Task requirements: Below are entries; copy exactly, and only, the lines from the one containing "Pronájem bytu 3+kk, Praha" through their final line, leaving out pictures.

The records:
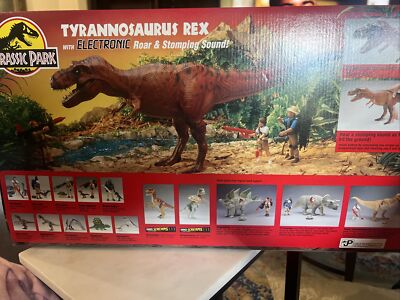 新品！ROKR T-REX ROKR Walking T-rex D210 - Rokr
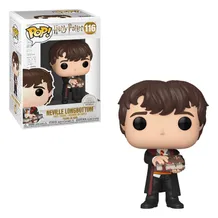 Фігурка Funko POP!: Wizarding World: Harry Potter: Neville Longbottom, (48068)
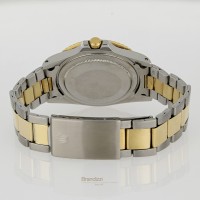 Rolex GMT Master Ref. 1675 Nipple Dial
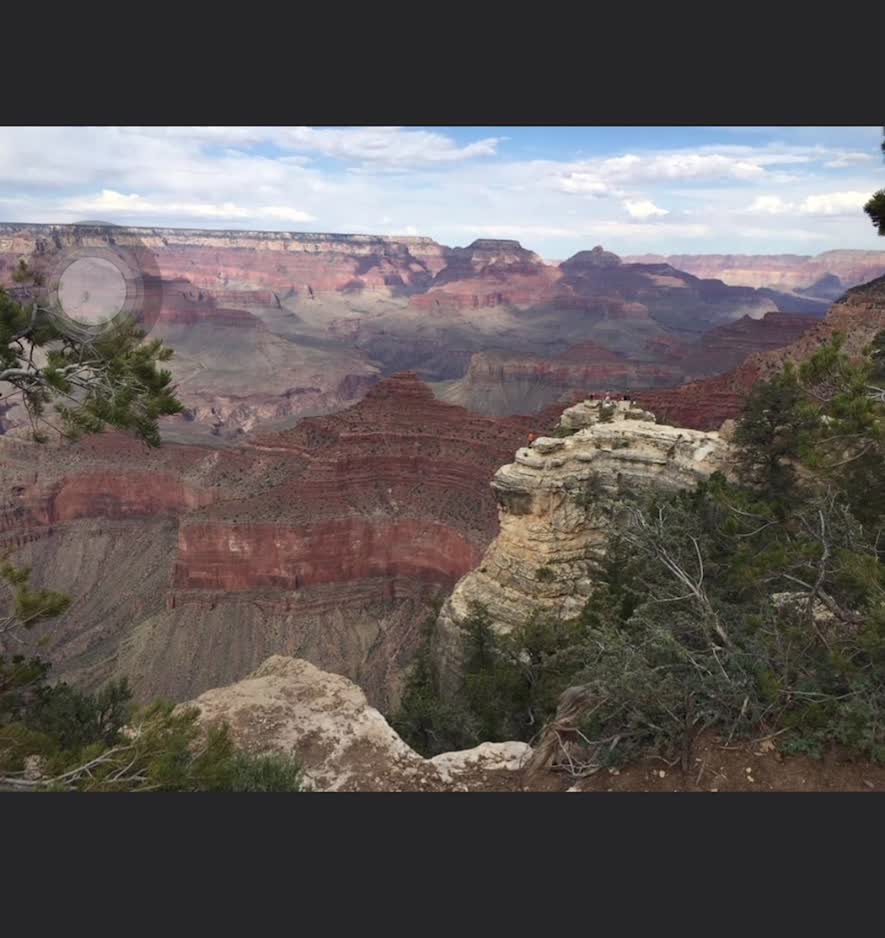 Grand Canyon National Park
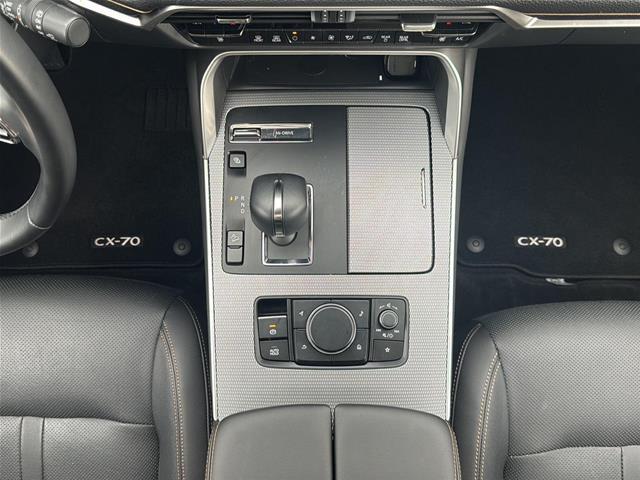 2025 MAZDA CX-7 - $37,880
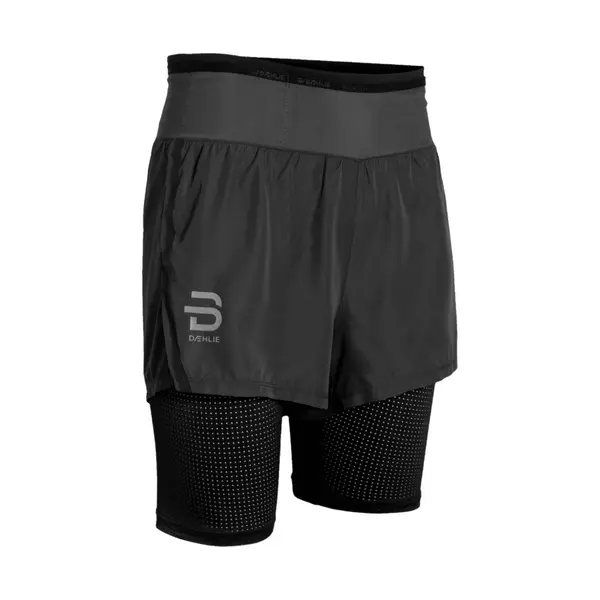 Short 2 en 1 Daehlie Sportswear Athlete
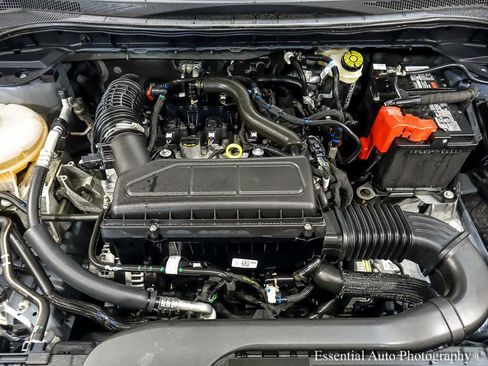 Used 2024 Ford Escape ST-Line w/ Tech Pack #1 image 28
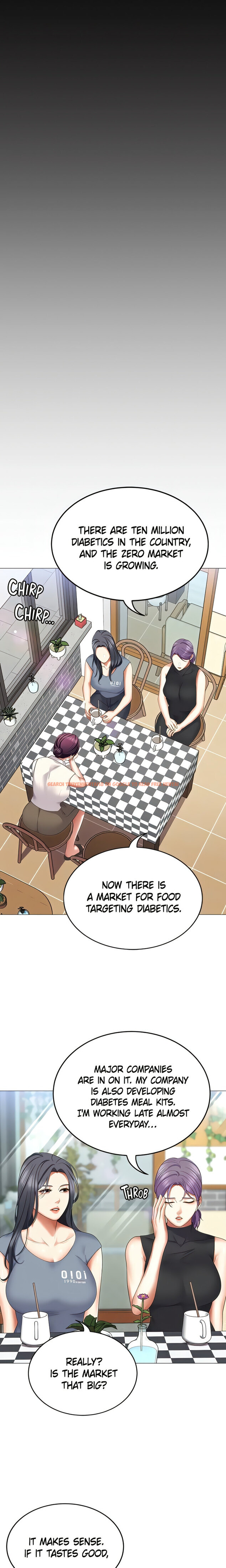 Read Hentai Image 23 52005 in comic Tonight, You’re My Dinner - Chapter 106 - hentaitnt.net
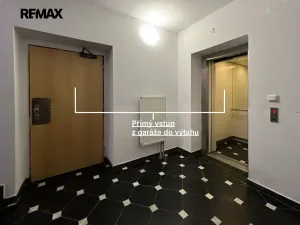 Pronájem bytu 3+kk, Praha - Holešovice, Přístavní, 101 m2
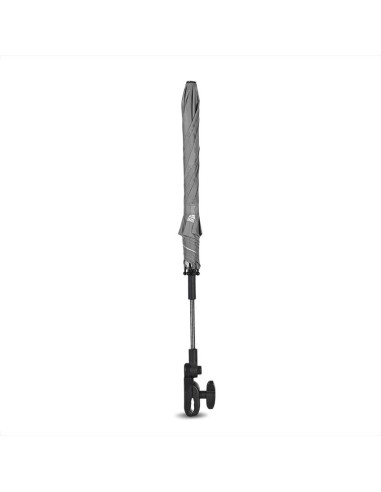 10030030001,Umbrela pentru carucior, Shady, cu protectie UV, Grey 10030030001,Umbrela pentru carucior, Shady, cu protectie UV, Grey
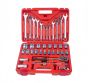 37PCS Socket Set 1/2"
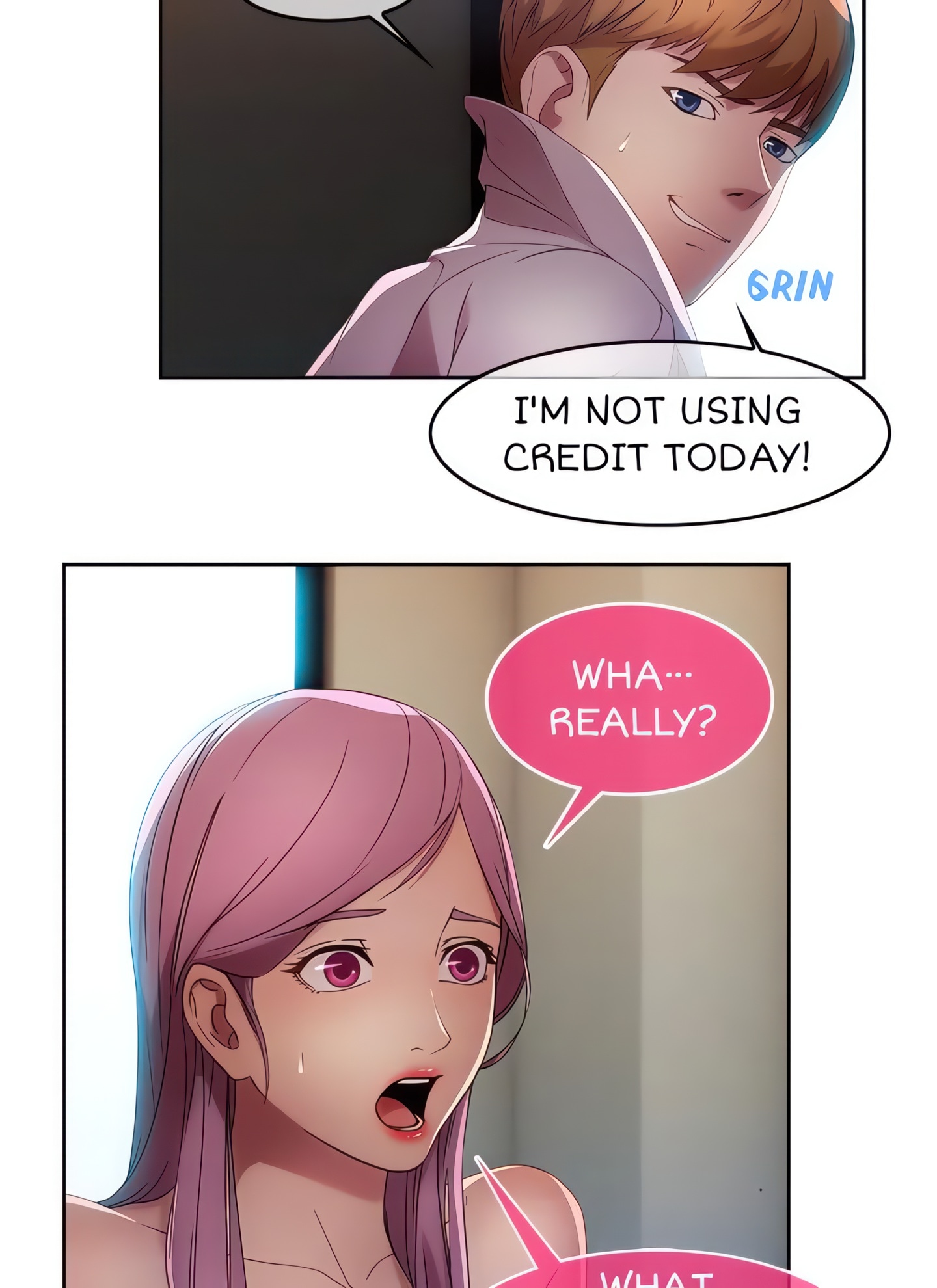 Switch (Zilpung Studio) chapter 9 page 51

Exercise response:
 Pronájem bytu 3+kk, Praha - Holešovice, Přístavní, 101 m2
 10030030001,Umbrela pentru carucior, Shady, cu protectie UV, Grey 10030030001,Umbrela pentru carucior, Shady, cu protectie UV, Grey
 37PCS Socket Set 1/2"
 Switch (Zilpung Studio) chapter 9 page 51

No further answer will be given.